Торжественное слово «бал» как-то не подходило уже к этим просто танцевальным вечерам или «утрам», но оно бережно сохранялось в светском разговоре, как сохранялись и некоторые бальные правила светского тона и поведения. Печатных приглашений или визитных карточек с написанными от руки приглашениями, как это делалось еще в конце прошлого века, не рассылалось, а делалось это устно при свидании, или по телефону, или просто через кого-либо из знакомых. Но визит на следующий день после бала всех кавалеров, присутствовавших на балу, был обязателен, состоя лишь в отвозе в соответствующий дом и передаче открывшему дверь лакею своей визитной карточки.
Совсем вывелись оркестры, и танцевали под рояль. Главным действующим лицом на балу был дирижер танцами. В Москве, как и в других городах, были один или два специалиста этого дела. В Москве их подвизалось двое: один на взрослых вечерних балах, другой на «утренних» для детей или очень «зеленой» молодежи. Оба военные в штаб-офицерских чинах. Иногда, по чьему-либо особому приглашению, появлялся их петербургский собрат, офицер гвардейского стрелкового полка.
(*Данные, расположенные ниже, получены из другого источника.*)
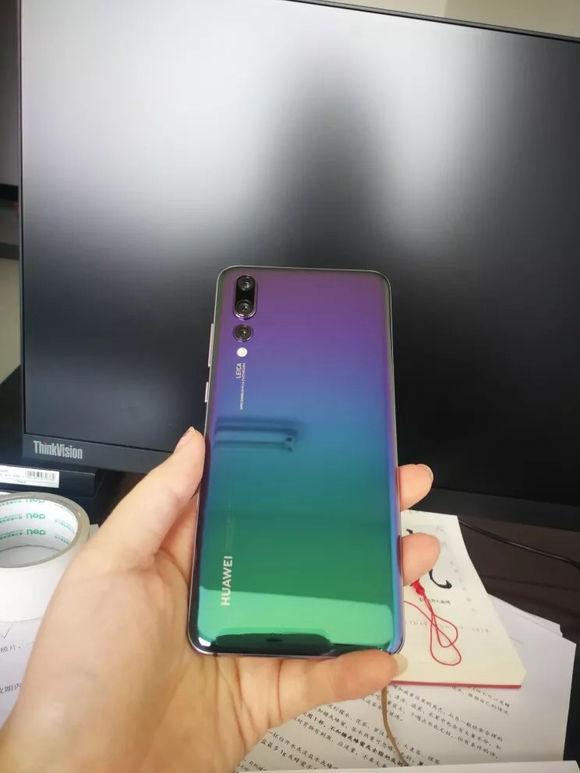 华为p20 pro屏幕,华为p20pro屏幕 网友评华为p20 pro 这背面绝对值4298 还有一块钱给镜头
Все трое были представителями тех же светских дворянских кругов.
Обязанности дирижера были сложными и «работа» его тяжелой. Он должен был открывать бал и без устали танцевать весь вечер, показывая кавалерам пример образцового танцора. Одновременно он вел весь бал, т. е. распределял танцы, их количество, свойство и продолжительность с учетом перерывов и времени, ассигнованного на бал хозяевами дома. Обыкновенно бал длился от 8 или 9 часов вечера до 12 часов ночи, после чего следовал ужин. При этом обязательная программа состояла из вальса, четырех кадрилей и мазурки. Полонез как открытие бала сохранялся лишь при царском дворе. Здесь же он входил в одну из фигур четвертой кадрили, если она была с «котильоном».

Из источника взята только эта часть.